The records
________

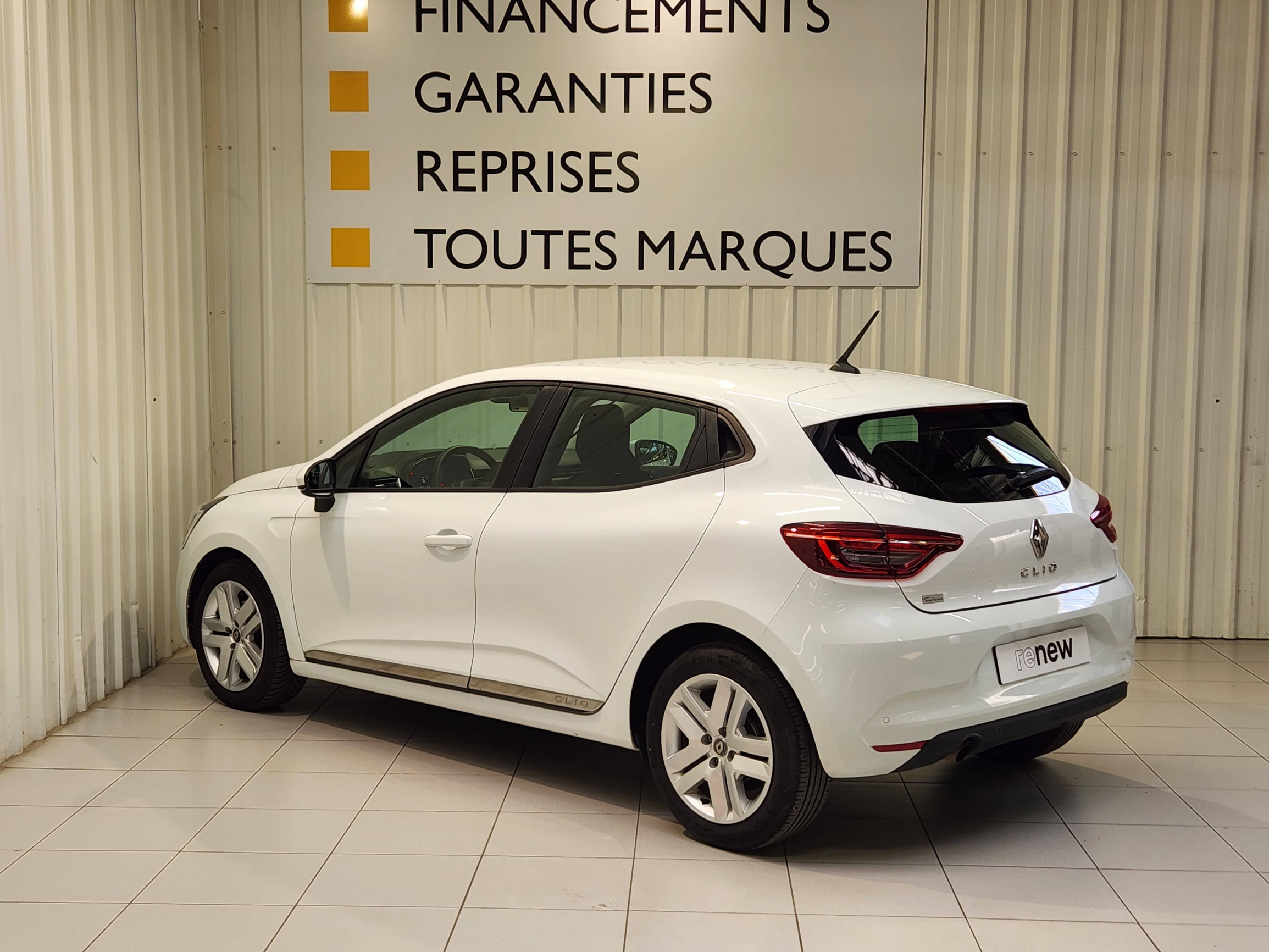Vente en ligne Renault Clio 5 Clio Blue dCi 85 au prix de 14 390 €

________

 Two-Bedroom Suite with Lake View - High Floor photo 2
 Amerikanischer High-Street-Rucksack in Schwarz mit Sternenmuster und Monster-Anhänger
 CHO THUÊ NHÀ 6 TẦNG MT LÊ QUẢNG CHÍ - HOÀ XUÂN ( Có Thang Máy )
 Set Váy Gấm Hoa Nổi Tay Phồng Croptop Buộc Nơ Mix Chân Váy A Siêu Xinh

________

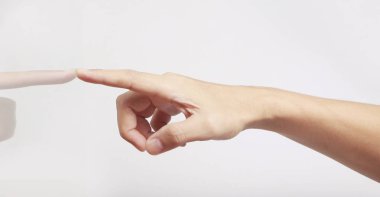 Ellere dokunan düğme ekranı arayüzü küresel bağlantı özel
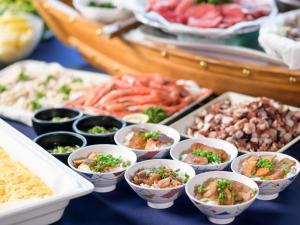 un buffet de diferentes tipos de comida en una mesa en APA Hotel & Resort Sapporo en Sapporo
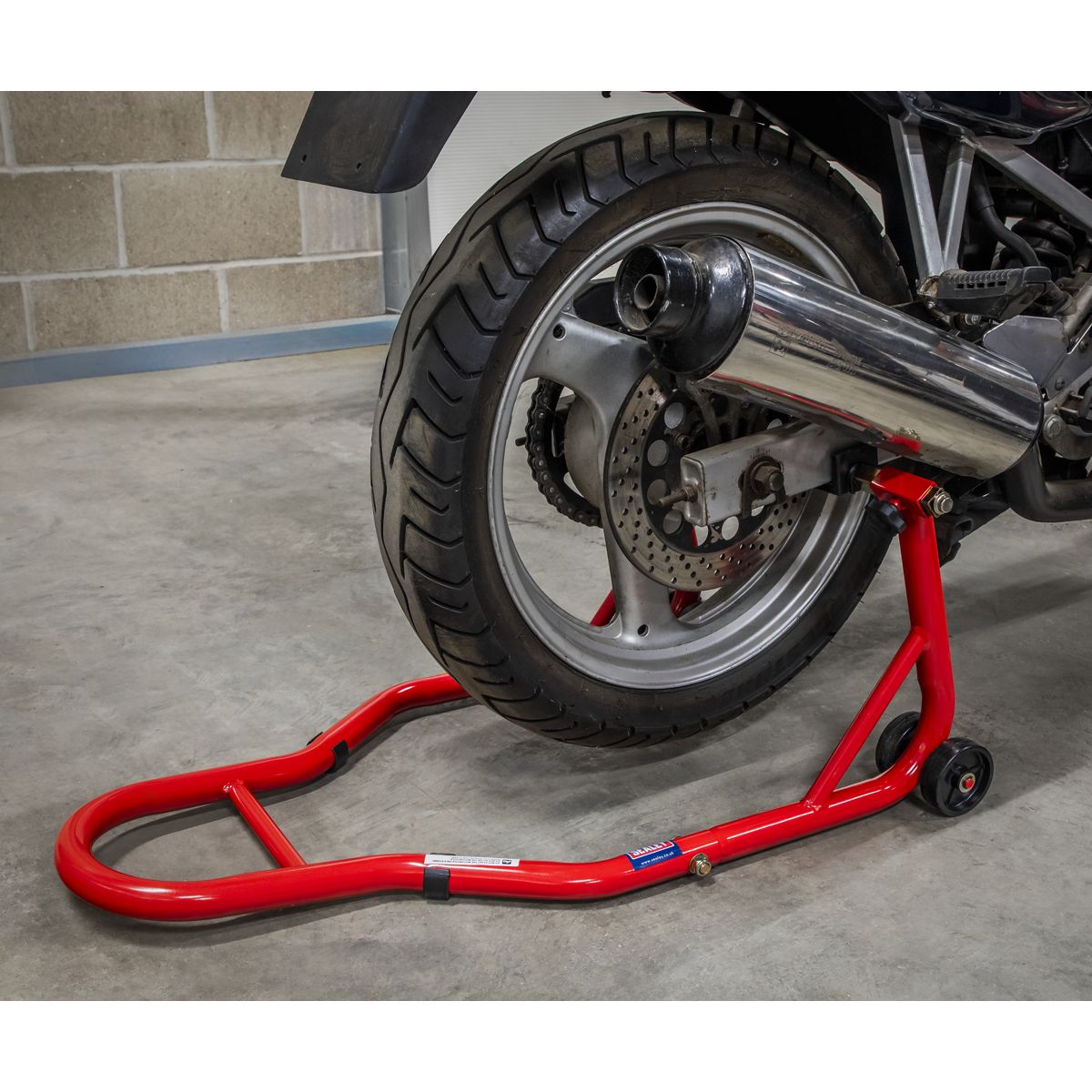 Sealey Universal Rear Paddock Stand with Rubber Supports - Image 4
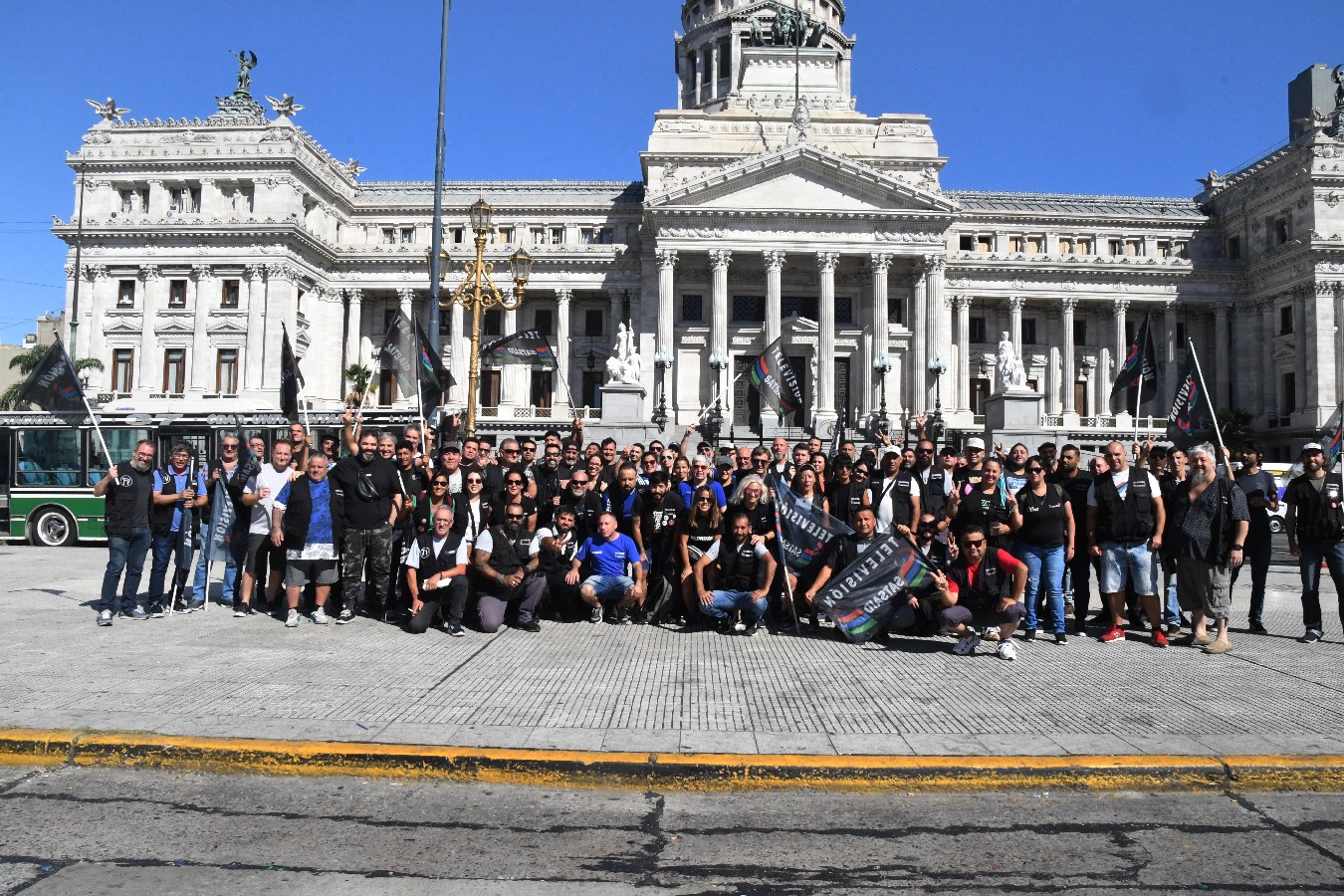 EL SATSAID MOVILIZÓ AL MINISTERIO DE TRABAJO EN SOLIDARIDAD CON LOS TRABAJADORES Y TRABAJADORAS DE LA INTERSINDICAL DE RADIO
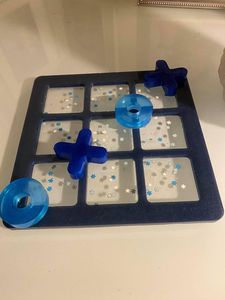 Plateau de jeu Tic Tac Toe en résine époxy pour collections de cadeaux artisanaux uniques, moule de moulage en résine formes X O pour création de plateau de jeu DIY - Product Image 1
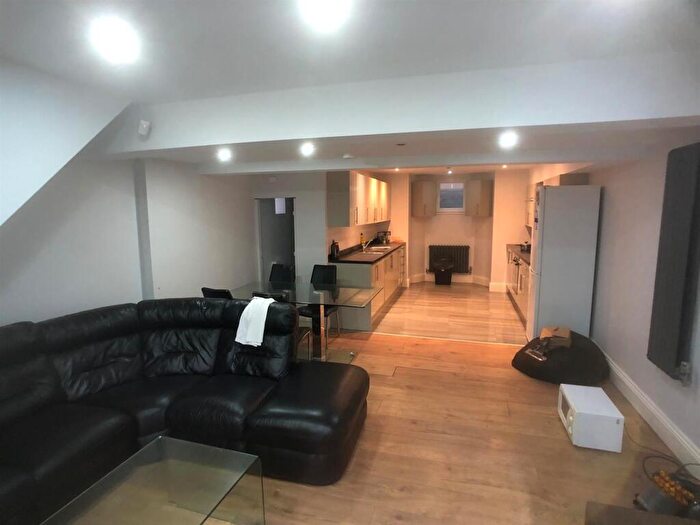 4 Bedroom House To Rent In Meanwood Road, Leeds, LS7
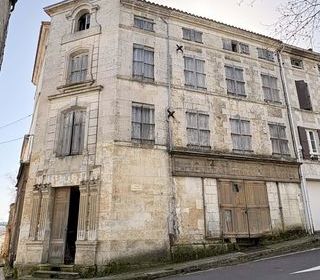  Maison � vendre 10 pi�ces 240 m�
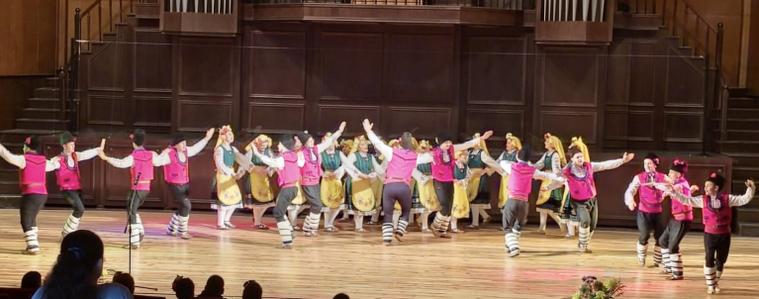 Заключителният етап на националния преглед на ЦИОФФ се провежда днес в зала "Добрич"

________

Among the lines above, the one with "Ellere dokunan düğme" opens the part to repeat and the one with "Заключителният етап на" closes it; repeat only that part exactly, with no pictures.

 Ellere dokunan düğme ekranı arayüzü küresel bağlantı özel
 un buffet de diferentes tipos de comida en una mesa en APA Hotel & Resort Sapporo en Sapporo
 Sealey Universal Rear Paddock Stand with Rubber Supports - Image 4
 EL SATSAID MOVILIZÓ AL MINISTERIO DE TRABAJO EN SOLIDARIDAD CON LOS TRABAJADORES Y TRABAJADORAS DE LA INTERSINDICAL DE RADIO
 Plateau de jeu Tic Tac Toe en résine époxy pour collections de cadeaux artisanaux uniques, moule de moulage en résine formes X O pour création de plateau de jeu DIY - Product Image 1
 4 Bedroom House To Rent In Meanwood Road, Leeds, LS7
  Maison � vendre 10 pi�ces 240 m�
 Заключителният етап на националния преглед на ЦИОФФ се провежда днес в зала "Добрич"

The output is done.